# Generating SQL for Postgres using Ollama, ChromaDB
This notebook runs through the process of using the `vanna` Python package to generate SQL using AI (RAG + LLMs) including connecting to a database and training.

## Setup

In [13]:
%pip install pandas ollama vanna chromadb postgres

Note: you may need to restart the kernel to use updated packages.


In [2]:
from vanna.ollama import Ollama
from vanna.chromadb import ChromaDB_VectorStore


In [4]:

class MyVanna(ChromaDB_VectorStore, Ollama):
    def __init__(self, config=None):
        ChromaDB_VectorStore.__init__(self, config=config)
        Ollama.__init__(self, config=config)

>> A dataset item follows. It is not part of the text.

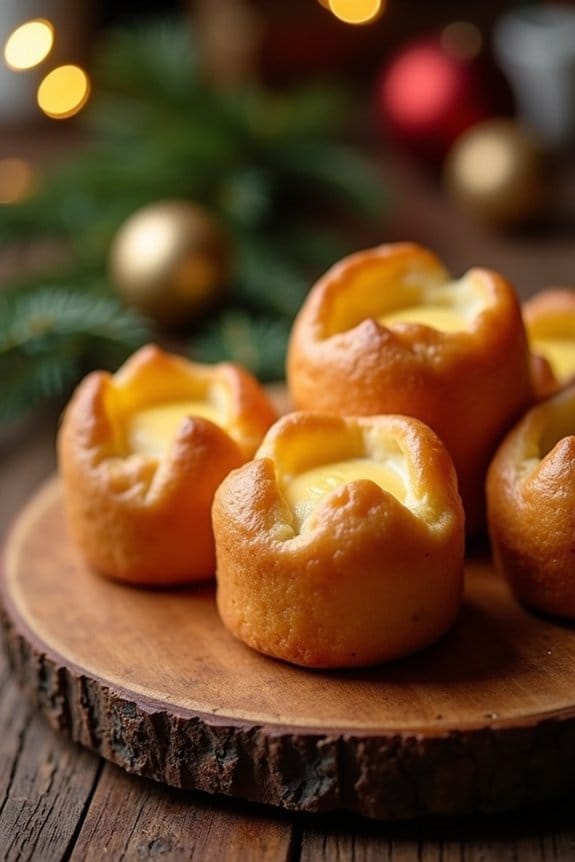 perfectly puffed yorkshire puddings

vn = MyVanna(config={'model': 'mistral'})


## Postgres Setup
- Install Postgres database on your machine
- import this sample database - https://www.postgresqltutorial.com/postgresql-getting-started/postgresql-sample-database/
- Change the next cell's user name/password according to your setup

In [5]:
# set these properties according to your database setup
vn.connect_to_postgres(host='localhost', dbname='dvdrental', user='postgres', password='password', port='5432')


## Training
You only need to train once. Do not train again unless you want to add more training data.

In [6]:

# gather the database schema definitions 
df_information_schema = vn.run_sql("SELECT * FROM INFORMATION_SCHEMA.COLUMNS")

# This will break up the information schema into bite-sized chunks that can be referenced by the LLM
plan = vn.get_training_plan_generic(df_information_schema)

# train the model with the schema information
vn.train(plan=plan)



In [7]:

# The following are methods for adding training data. Make sure you modify the examples to match your database.

# DDL statements are powerful because they specify table names, colume names, types, and potentially relationships
vn.train(ddl="""
CREATE TABLE public.film (
	film_id serial4 NOT NULL,
	title varchar(255) NOT NULL,
	description text NULL,
	release_year public."year" NULL,
	language_id int2 NOT NULL,
	rental_duration int2 DEFAULT 3 NOT NULL,
	rental_rate numeric(4, 2) DEFAULT 4.99 NOT NULL,
	length int2 NULL,
	replacement_cost numeric(5, 2) DEFAULT 19.99 NOT NULL,
	rating public.mpaa_rating DEFAULT 'G'::mpaa_rating NULL,
	last_update timestamp DEFAULT now() NOT NULL,
	special_features _text NULL,
	fulltext tsvector NOT NULL,
	CONSTRAINT film_pkey PRIMARY KEY (film_id)
);
CREATE INDEX film_fulltext_idx ON public.film USING gist (fulltext);
CREATE INDEX idx_fk_language_id ON public.film USING btree (language_id);
CREATE INDEX idx_title ON public.film USING btree (title);


create trigger film_fulltext_trigger before
insert
    or
update
    on
    public.film for each row execute function tsvector_update_trigger('fulltext',
    'pg_catalog.english',
    'title',
    'description');
create trigger last_updated before
update
    on
    public.film for each row execute function last_updated();

ALTER TABLE public.film ADD CONSTRAINT film_language_id_fkey FOREIGN KEY (language_id) REFERENCES public."language"(language_id) ON DELETE RESTRICT ON UPDATE CASCADE;
""")

# Sometimes you may want to add documentation about your business terminology or definitions.
vn.train(documentation="The films table stores film data such as title, release year, length, rating, etc.")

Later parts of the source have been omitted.